Dr Jim Groves IEng MIET
Multiple system confusion
I started at primary school in 1942 and was taught using exclusively the imperial system of units. In 1949 I moved to a grammar school and, while the imperial system was still used, learned the CGS system, which we knew as 'the metric system'.
I next joined what was then the guided weapons division of English Electric and started a thin sandwich course as an apprentice. The academic part was challenging and confusing as thermodynamics was taught using the imperial system, physics using CGS and electrical engineering using MKS units.
By the time I completed my apprenticeship I was familiar with three different systems and, as my understanding developed, realised the great advantages of the MKS system.
The situation at work was equally chaotic, as the aerodynamicists clung to the imperial system. In 1967 there was a breakthrough when every engineer was given a very well written booklet, 'Changing to the Metric System', which cost 4 shillings and sixpence in-pre decimal currency. From that point no report submitted for publication was issued unless it was written exclusively using SI units.
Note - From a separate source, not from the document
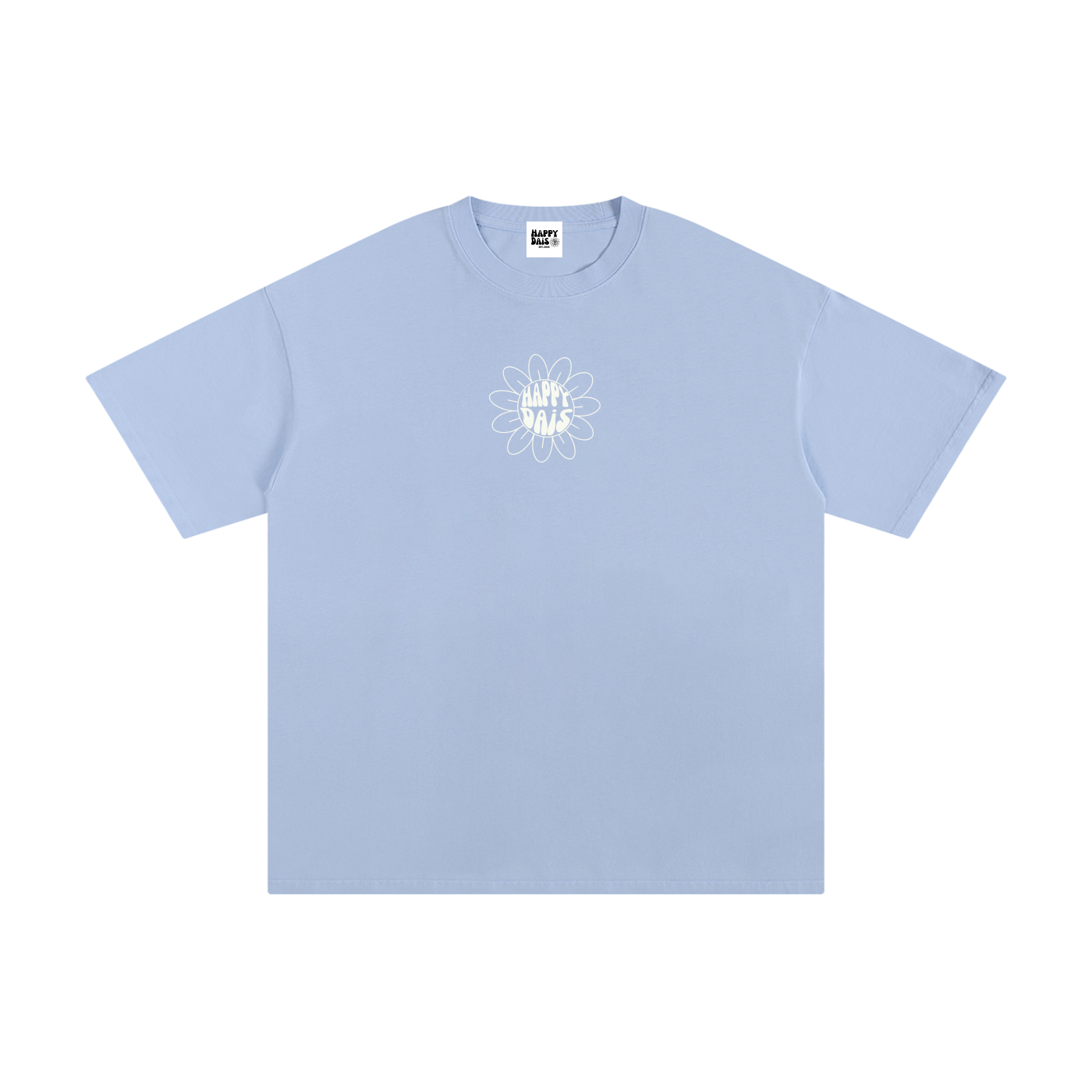 oversized light blue t shirt with happy dais flower graphic
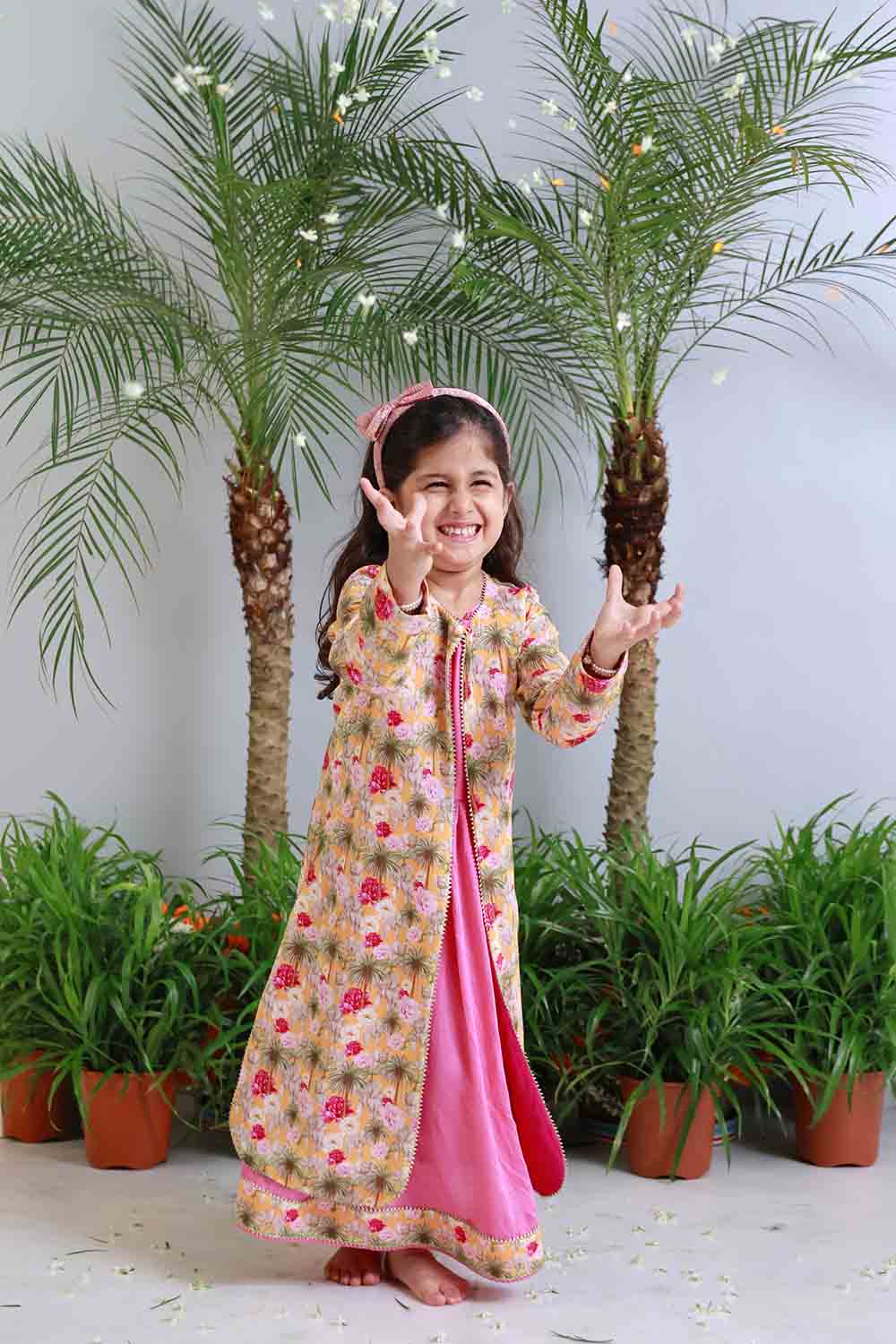 Elephant print jacket and dress set for infant girls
No more air densities in 'slugs per cubic foot'.
I don't regret my experiences but I thought younger members might reflect on what a blessing it is to have a single, rational system of units.
Colin Brown CEng FIET
Why handwriting is still relevant
Self-made millionaire Scott Fletcher (Interview, E&T January 2015) complains that young entrepreneurs still in school are being tested on their handwriting. "Who uses a pen any more?" he asks, suggesting that they should be tested on their keyboard skills or ability on electronic devices that are "actually of some use to them".
Yes, many great inventors and discoverers were not great at conventional school work, but they were the exception not the rule. Producing a generation of screen-ogling, key-tapping zombies and customer fodder for the latest toy may make lots of money for some companies, but leaves society in a very sad state.
As a young engineering apprentice in 1950 I too had imagination and was often in trouble for diverting from the day-to-day tasks of learning my craft, but to be unable to read, write and speak English would have been disaster.
When I was a toddler I received an electric shock when I pushed a carpet tack into the unprotected live terminal of an old-fashioned round-pin mains socket that was mounted just above the skirting-board in my parents' house. I was knocked across the room, and I remember holding my finger up and saying through the tears, "It hurts".
Some 60 years later, I stayed in an upmarket country-club hotel that had been comprehensively refurbished and refitted with all the latest gadgets: low-energy lighting, dimmers etc.
Imagine my surprise when I spotted unshuttered, round-pin sockets in the wall at a height where any toddler could reach them easily. Some, but not all, had table lamps plugged into them. Presumably the owners were trying to prevent theft by fitting non-standard plugs. Other sockets were left open, inviting little fingers to put things in.
More recently I stayed in a hotel where the cover had been left off the central light fitting in the bathroom, exposing live wires and connections. The ceiling was low, and the fitting was within a couple of feet of the shower. I showered using the small light over the mirror.
It seems the hotel industry has a long way to go in protecting its guests from unpleasant or in the worst-case fatal electric shocks.